==== Records for this task ====

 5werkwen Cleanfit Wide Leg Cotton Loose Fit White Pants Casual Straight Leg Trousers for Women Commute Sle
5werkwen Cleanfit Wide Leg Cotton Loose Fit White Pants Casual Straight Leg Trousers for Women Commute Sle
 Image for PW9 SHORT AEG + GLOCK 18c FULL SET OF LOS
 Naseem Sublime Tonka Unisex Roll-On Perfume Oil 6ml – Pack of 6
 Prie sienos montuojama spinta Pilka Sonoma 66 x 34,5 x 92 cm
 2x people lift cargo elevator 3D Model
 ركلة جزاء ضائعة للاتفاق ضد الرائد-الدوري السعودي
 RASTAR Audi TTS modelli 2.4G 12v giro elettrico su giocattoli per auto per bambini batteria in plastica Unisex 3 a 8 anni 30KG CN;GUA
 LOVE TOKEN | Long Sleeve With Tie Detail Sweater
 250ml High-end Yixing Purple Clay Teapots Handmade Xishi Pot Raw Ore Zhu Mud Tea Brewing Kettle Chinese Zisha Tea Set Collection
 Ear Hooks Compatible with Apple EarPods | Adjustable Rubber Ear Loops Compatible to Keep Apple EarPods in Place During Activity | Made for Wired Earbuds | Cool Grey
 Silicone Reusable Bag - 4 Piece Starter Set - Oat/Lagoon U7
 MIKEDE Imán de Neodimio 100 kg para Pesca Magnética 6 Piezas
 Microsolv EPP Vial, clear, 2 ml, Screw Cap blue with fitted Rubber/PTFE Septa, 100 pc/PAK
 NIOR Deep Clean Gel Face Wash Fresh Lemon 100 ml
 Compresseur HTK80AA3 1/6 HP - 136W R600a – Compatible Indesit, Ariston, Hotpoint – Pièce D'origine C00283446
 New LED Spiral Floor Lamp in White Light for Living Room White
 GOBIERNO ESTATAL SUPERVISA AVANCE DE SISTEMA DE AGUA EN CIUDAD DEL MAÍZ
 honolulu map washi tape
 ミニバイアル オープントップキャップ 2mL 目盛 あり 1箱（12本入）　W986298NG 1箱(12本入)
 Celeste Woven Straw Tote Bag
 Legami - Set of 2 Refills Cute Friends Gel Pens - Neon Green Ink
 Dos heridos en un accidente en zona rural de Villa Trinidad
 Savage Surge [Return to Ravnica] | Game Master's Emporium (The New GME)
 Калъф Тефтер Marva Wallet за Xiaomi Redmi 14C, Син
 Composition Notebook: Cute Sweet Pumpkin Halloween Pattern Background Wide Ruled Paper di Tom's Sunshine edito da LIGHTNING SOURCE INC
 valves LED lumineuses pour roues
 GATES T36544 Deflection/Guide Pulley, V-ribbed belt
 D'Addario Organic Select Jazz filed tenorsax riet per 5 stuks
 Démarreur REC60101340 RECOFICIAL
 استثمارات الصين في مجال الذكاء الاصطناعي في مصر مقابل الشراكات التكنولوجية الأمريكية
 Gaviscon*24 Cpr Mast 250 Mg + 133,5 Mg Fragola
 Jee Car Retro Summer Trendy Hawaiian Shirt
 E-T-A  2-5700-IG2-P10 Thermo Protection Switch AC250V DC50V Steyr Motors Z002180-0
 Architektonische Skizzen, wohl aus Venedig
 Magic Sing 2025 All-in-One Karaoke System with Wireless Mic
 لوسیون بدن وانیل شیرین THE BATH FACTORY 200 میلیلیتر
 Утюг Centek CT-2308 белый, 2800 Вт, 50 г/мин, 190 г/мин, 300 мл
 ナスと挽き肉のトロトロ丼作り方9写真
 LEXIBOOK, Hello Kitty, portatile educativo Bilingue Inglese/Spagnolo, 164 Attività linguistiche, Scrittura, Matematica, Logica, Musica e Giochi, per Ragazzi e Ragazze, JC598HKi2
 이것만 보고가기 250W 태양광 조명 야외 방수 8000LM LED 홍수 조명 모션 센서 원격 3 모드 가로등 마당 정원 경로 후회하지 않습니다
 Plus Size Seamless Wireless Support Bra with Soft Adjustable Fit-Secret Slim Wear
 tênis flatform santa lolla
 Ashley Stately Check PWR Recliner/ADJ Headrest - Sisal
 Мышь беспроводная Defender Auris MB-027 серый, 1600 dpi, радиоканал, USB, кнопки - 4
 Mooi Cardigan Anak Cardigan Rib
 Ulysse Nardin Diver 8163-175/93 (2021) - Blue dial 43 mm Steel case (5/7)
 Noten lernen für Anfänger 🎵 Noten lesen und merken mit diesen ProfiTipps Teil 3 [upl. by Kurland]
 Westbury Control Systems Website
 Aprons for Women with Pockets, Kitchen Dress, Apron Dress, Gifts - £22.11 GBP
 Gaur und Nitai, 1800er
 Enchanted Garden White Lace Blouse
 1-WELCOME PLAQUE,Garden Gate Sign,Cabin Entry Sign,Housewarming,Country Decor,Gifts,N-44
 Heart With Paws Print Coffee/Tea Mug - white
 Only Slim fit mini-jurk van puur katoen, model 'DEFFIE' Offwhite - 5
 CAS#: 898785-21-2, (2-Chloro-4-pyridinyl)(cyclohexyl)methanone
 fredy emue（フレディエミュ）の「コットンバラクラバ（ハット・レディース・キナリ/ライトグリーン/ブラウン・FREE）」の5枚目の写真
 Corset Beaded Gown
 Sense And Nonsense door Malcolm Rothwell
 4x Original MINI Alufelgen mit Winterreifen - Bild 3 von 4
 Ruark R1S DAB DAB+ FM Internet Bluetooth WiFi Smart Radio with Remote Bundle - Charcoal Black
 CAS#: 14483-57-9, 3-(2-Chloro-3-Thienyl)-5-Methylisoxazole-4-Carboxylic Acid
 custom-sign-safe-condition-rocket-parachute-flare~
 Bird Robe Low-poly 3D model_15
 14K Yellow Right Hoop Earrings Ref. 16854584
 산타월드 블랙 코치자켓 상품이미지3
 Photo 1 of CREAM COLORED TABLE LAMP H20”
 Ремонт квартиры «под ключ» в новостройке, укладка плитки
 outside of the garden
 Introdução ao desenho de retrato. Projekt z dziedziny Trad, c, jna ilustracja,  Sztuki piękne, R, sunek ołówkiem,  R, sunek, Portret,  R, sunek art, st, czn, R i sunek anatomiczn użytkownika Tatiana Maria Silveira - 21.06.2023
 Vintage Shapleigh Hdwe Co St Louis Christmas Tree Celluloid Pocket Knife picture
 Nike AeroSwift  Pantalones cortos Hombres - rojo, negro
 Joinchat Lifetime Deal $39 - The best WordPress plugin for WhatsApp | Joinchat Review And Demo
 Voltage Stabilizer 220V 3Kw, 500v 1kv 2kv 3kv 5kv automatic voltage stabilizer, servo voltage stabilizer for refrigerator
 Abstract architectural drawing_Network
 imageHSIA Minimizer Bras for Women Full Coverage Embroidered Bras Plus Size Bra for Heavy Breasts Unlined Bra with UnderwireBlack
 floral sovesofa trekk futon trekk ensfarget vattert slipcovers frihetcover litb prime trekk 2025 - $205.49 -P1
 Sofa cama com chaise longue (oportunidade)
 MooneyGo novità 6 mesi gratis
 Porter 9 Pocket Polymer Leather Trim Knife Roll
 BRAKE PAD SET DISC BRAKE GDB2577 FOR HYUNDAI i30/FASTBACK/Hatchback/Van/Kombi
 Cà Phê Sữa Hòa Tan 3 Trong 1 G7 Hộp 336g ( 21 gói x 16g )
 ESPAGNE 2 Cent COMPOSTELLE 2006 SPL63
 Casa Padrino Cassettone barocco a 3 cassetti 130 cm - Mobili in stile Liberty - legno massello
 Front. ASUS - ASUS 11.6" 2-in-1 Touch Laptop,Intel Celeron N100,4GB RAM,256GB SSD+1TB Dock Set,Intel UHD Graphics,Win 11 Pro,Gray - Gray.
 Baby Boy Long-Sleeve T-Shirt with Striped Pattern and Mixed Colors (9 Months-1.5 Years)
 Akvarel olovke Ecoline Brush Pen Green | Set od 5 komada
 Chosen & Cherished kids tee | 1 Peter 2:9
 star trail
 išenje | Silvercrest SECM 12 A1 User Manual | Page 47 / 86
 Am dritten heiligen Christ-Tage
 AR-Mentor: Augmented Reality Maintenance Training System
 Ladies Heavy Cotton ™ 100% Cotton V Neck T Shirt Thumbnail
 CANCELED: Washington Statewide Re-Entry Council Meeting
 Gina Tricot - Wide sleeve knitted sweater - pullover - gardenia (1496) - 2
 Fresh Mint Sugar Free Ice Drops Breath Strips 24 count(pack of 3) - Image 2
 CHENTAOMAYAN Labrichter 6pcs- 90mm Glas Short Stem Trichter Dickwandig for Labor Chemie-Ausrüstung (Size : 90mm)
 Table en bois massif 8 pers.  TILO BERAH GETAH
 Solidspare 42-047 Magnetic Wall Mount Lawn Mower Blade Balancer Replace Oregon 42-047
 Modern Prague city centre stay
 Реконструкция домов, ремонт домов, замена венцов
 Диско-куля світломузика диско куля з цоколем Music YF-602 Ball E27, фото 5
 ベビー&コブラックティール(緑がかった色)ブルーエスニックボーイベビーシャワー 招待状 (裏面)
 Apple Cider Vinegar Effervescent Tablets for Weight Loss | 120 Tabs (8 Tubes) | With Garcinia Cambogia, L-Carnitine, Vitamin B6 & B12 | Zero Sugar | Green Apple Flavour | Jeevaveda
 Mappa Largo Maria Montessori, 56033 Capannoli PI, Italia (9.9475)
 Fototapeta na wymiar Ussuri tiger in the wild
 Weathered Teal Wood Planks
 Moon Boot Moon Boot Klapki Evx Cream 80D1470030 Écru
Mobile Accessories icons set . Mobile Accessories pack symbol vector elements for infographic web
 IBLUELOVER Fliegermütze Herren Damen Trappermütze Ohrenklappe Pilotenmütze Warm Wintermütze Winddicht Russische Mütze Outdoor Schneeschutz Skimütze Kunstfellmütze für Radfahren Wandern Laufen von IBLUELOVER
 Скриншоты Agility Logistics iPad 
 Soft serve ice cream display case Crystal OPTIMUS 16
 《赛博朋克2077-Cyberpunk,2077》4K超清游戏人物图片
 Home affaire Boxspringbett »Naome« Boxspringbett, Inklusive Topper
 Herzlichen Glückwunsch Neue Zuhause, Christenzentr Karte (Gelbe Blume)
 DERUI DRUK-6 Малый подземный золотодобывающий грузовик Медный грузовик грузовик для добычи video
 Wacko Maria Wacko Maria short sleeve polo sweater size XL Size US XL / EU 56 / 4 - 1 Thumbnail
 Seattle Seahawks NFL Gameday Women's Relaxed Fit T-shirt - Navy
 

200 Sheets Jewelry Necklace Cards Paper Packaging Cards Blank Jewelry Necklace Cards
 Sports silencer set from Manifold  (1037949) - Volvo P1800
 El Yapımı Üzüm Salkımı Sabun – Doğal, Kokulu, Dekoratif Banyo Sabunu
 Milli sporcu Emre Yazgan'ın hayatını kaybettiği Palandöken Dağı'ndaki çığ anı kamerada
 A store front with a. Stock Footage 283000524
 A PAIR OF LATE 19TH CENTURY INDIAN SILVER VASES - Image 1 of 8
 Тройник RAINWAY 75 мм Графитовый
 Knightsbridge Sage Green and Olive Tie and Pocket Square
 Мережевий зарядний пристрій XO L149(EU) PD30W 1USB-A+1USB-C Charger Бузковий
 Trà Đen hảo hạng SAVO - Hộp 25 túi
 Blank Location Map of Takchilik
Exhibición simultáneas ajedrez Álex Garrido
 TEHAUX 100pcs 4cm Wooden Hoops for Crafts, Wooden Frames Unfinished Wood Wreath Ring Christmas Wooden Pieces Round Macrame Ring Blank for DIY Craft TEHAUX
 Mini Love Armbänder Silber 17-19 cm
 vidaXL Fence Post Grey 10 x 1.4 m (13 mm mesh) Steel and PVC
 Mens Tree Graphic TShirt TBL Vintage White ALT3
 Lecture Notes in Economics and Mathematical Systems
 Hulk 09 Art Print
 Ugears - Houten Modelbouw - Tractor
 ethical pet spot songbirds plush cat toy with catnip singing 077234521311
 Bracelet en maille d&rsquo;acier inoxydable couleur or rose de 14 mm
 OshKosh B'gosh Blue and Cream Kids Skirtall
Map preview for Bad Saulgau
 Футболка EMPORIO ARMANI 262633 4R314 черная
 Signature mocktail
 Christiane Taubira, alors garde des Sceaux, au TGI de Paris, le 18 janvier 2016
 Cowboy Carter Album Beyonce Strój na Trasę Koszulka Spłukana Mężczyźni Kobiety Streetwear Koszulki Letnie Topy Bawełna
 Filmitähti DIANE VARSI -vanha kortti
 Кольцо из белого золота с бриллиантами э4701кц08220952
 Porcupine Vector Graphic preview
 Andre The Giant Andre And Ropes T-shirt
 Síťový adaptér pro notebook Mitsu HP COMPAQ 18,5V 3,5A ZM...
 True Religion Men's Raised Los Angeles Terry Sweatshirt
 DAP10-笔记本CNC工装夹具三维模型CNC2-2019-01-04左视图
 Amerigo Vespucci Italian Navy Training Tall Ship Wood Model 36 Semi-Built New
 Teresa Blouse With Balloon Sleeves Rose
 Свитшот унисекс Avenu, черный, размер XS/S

====

Looking back over the data above, restate word for word the lines that begin at the line with "Ashley Stately Check" and end at the line with "Ruark R1S DAB", inclusive.

 Ashley Stately Check PWR Recliner/ADJ Headrest - Sisal
 Мышь беспроводная Defender Auris MB-027 серый, 1600 dpi, радиоканал, USB, кнопки - 4
 Mooi Cardigan Anak Cardigan Rib
 Ulysse Nardin Diver 8163-175/93 (2021) - Blue dial 43 mm Steel case (5/7)
 Noten lernen für Anfänger 🎵 Noten lesen und merken mit diesen ProfiTipps Teil 3 [upl. by Kurland]
 Westbury Control Systems Website
 Aprons for Women with Pockets, Kitchen Dress, Apron Dress, Gifts - £22.11 GBP
 Gaur und Nitai, 1800er
 Enchanted Garden White Lace Blouse
 1-WELCOME PLAQUE,Garden Gate Sign,Cabin Entry Sign,Housewarming,Country Decor,Gifts,N-44
 Heart With Paws Print Coffee/Tea Mug - white
 Only Slim fit mini-jurk van puur katoen, model 'DEFFIE' Offwhite - 5
 CAS#: 898785-21-2, (2-Chloro-4-pyridinyl)(cyclohexyl)methanone
 fredy emue（フレディエミュ）の「コットンバラクラバ（ハット・レディース・キナリ/ライトグリーン/ブラウン・FREE）」の5枚目の写真
 Corset Beaded Gown
 Sense And Nonsense door Malcolm Rothwell
 4x Original MINI Alufelgen mit Winterreifen - Bild 3 von 4
 Ruark R1S DAB DAB+ FM Internet Bluetooth WiFi Smart Radio with Remote Bundle - Charcoal Black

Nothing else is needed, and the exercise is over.